> **TASK DETAILS**
Once the line containing "253 reactions ·" is reached, copy it and every line after it exactly, to the end of the material, without pictures.

> **THE DATA**
● ● ● ●
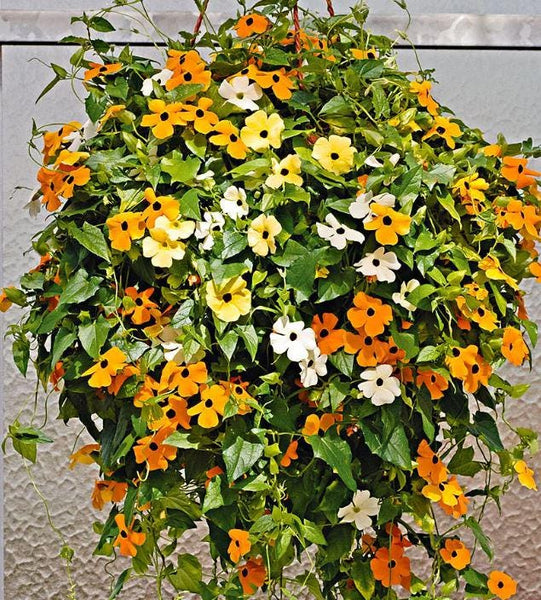 Graines Thunbergia alata, Suzanne aux yeux noirs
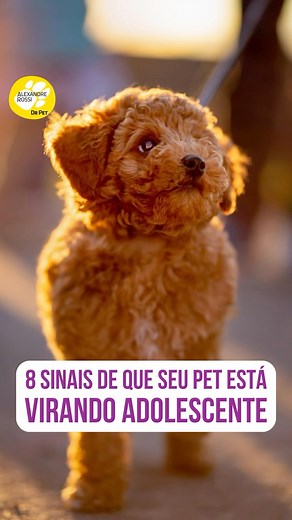 253 reactions · 4 comments | Seu pet anda mais teimoso? Parece que...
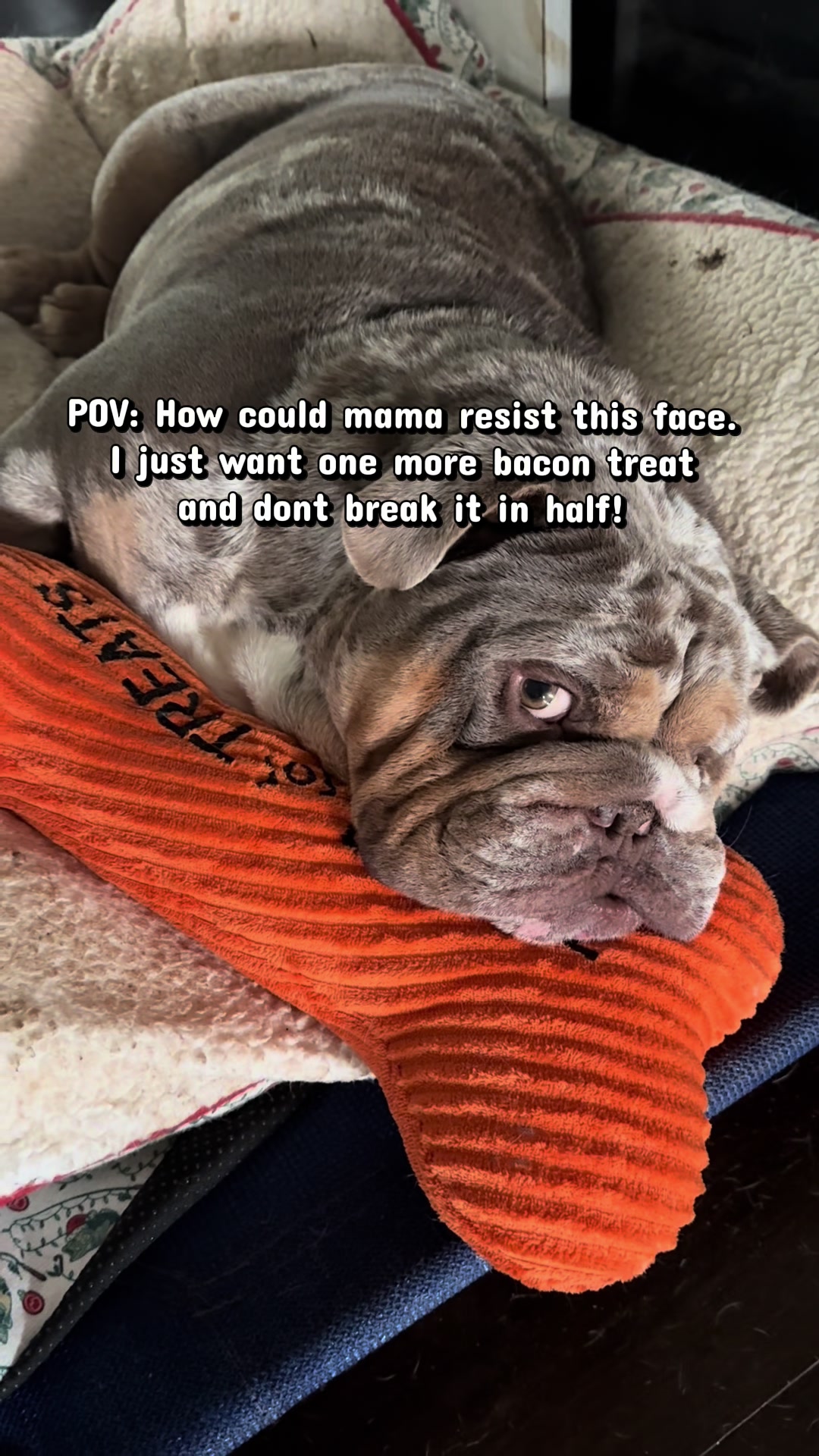 @barkleythabulldog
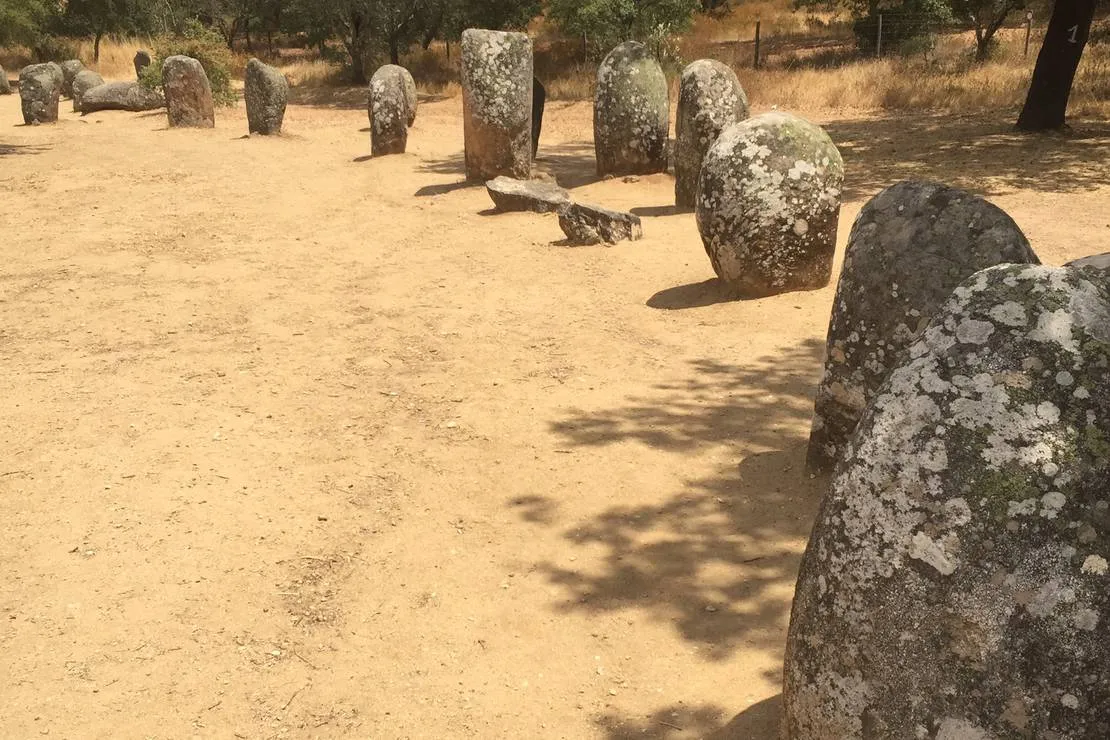 bubulcus-bolotas-camping-vimieiro-zecjw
● ● ● ●
> **SOLVED EXERCISE**
 253 reactions · 4 comments | Seu pet anda mais teimoso? Parece que...
 @barkleythabulldog
 bubulcus-bolotas-camping-vimieiro-zecjw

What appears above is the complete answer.